If Claude is shown a classic puzzle, before proceeding, it quotes every constraint or premise from the person’s message word for word before inside quotation marks to confirm it’s not dealing with a new variant.
Claude 3.7 had specific instructions to warn the user that the model may hallucinate and ask the user to double check the output. There are no such instructions around hallucination in Claude 4.
Claude 3.7: " If Claude is asked about a very obscure person, object, or topic, i.e. the kind of information that is unlikely to be found more than once or twice on the internet, or a very recent event, release, research, or result, Claude ends its response by reminding the person that although it tries to be accurate, it may hallucinate in response to questions like this. Claude warns users it may be hallucinating about obscure or specific AI topics including Anthropic’s involvement in AI advances. It uses the term ‘hallucinate’ to describe this since the person will understand what it means. Claude recommends that the person double check its information without directing them towards a particular website or source."
Conclusion
The evolution of Claude’s system prompt from 3.7 to 4 shows a more direct, powerful, and stringently safety-conscious assistant, moving away from the more philosophically inclined and conversationally proactive persona of its predecessor. It's moved from just being a "kind companion" to an exceptionally capable tool for more complex tasks, with firmer guardrails and a more direct and less flattering conversational style.
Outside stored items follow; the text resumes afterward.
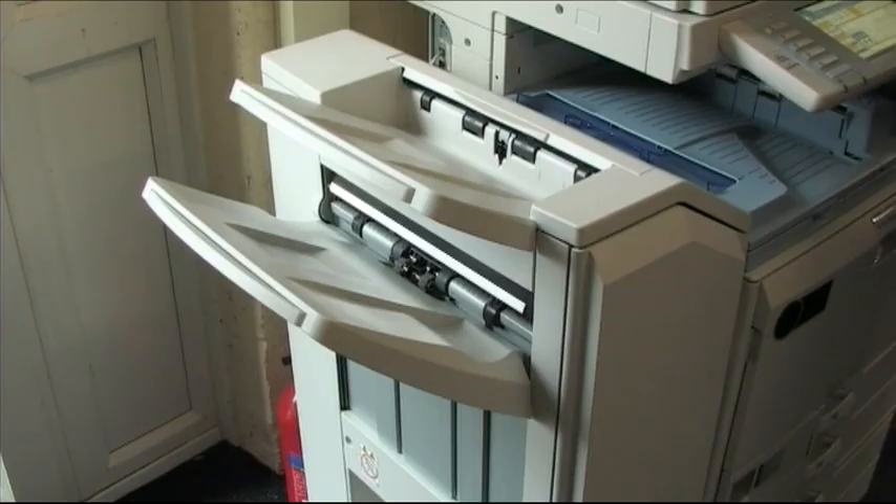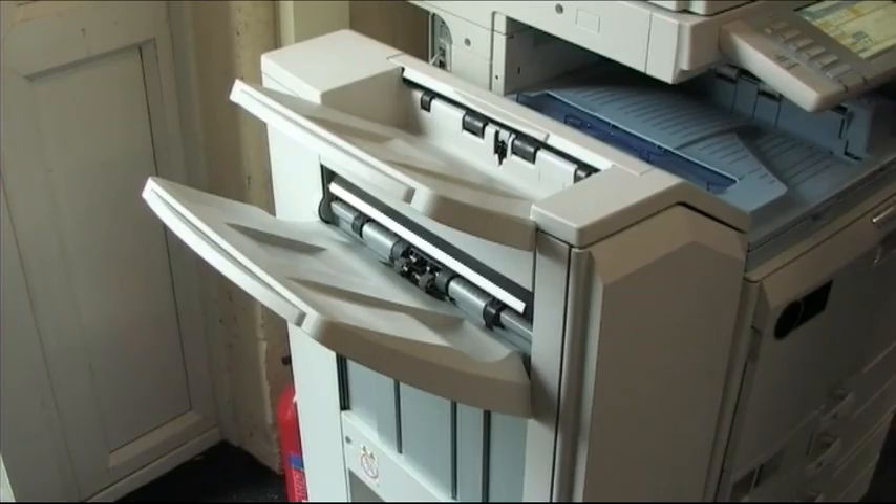At the moment I've got it on black and white to show you the quality of the black and white, and then I'll do a colour image and show you the quality in colour. Black and white, 200%, full enlargement.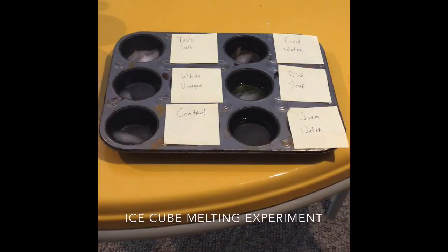We're back with our ice cubes after ten minutes, and it looks like the warm water did in fact do the best — it's actually the only one that has completely melted the ice cube. The second best I would say is the white vinegar there on the left. Then the table salt, the cold water, and the dish soap still have a solid amount to go, but the dish soap has the most remaining.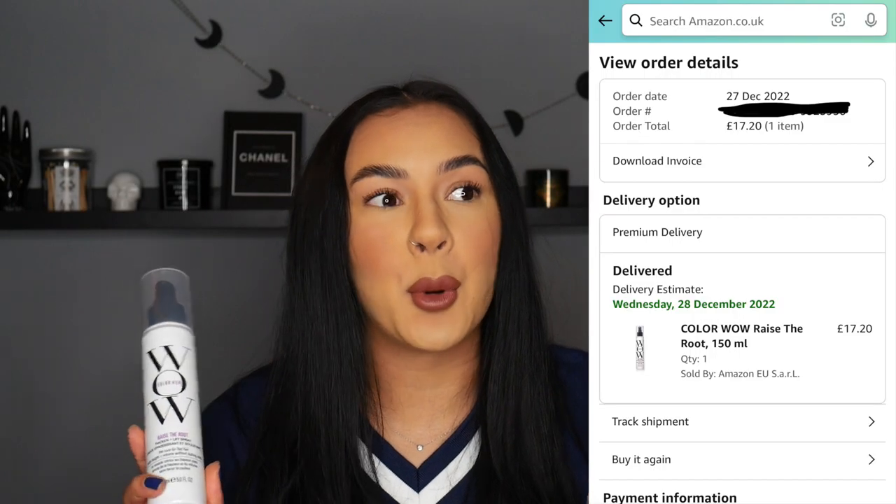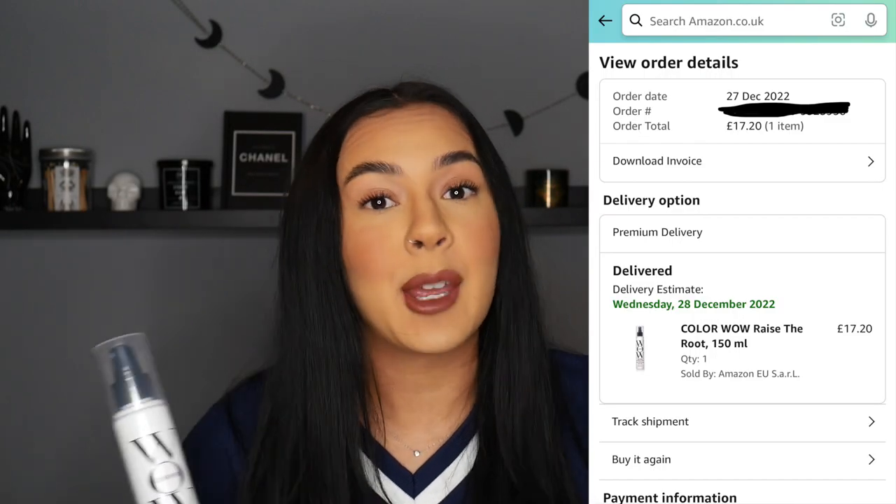I bought this from Amazon for £17.99 — I think it was on sale, Boxing Day sales, January sales, who knows. So many sales, literally anything to make you think you're getting a bargain even if you're not. It usually retails on Amazon at roughly around £21–22, and it's 150 millilitres in the bottle.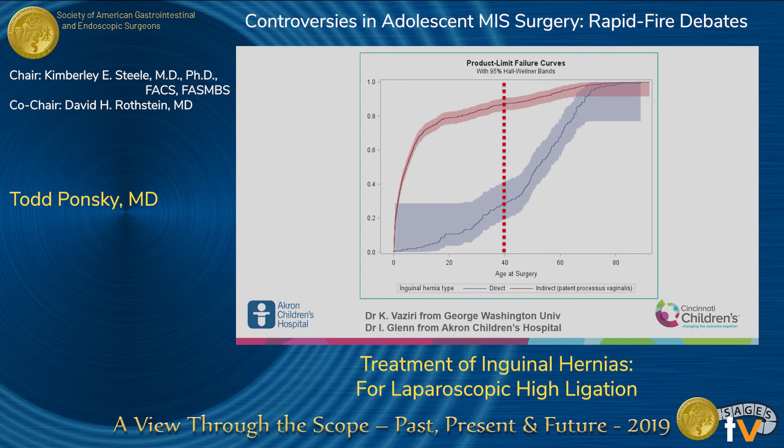We looked at the age group when direct hernias start. The indirect hernias — shown in red — start right in infancy. Then you slowly start to see direct hernias develop. There is a statistical point of inflection with increased growth around 40 years of age, but you really start to see it in the teens — 16 to 18 years of age. This might be when the floor starts changing.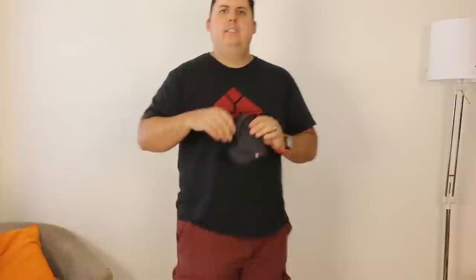It just goes like this, fits in your pocket. This is the easiest way to carry that I've found. I was messing around a lot with IWB holsters and the ones that sort of hang outside of the waistband, but honestly, I wear shorts most of the time, so I just like to shove it in there and go on about my business.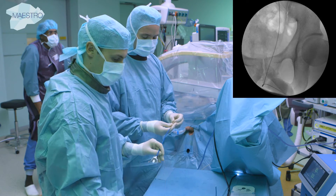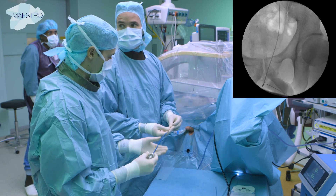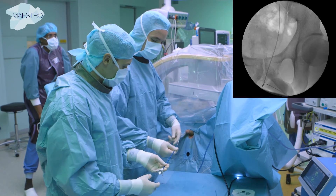Intrarenal pressure is kept at a low level, allowing for sufficient backflow alongside the endoscope through the access sheath.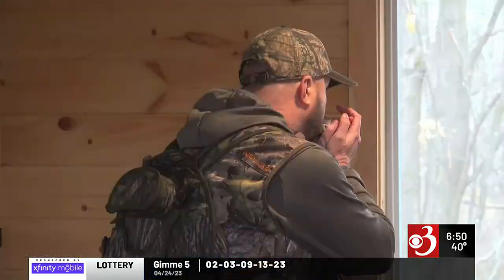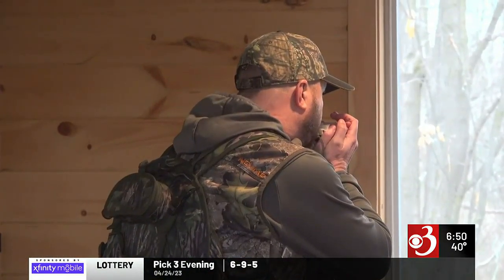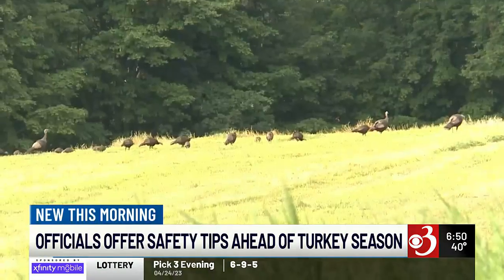New this morning, turkey hunting season is about to take off and wildlife experts are sharing some safety tips. That includes never shooting unless you're absolutely sure of your target and what is beyond it.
In addition to the evolving character, these prompt changes also offer a glimpse into how the AI models are evolving and their maker's (Anthropic's) evolving worldview. The increased sophistication and detail in handling safety related interactions, the refusal to even explain potentially malicious code and the explicit instructions on dealing with questions around vulnerable groups, suggest advancements in the model's ability to understand and navigate complex ethical landscapes. This is also evident in the removal of specific instructions around handling of puzzles which was present in Claude 3.7 .
Note:
It is very easy to access Claude’s system prompt and does not involve any hacking jailbreaking skills or prompt circus. Anthropic publishes regularly as part of their release notes and the links are in resources section. I respect this aspect and I wish all frontier models did this for the sake of transparency and safety rather than hide it as a secret sauce. These system prompt updates do not apply to the Anthropic API.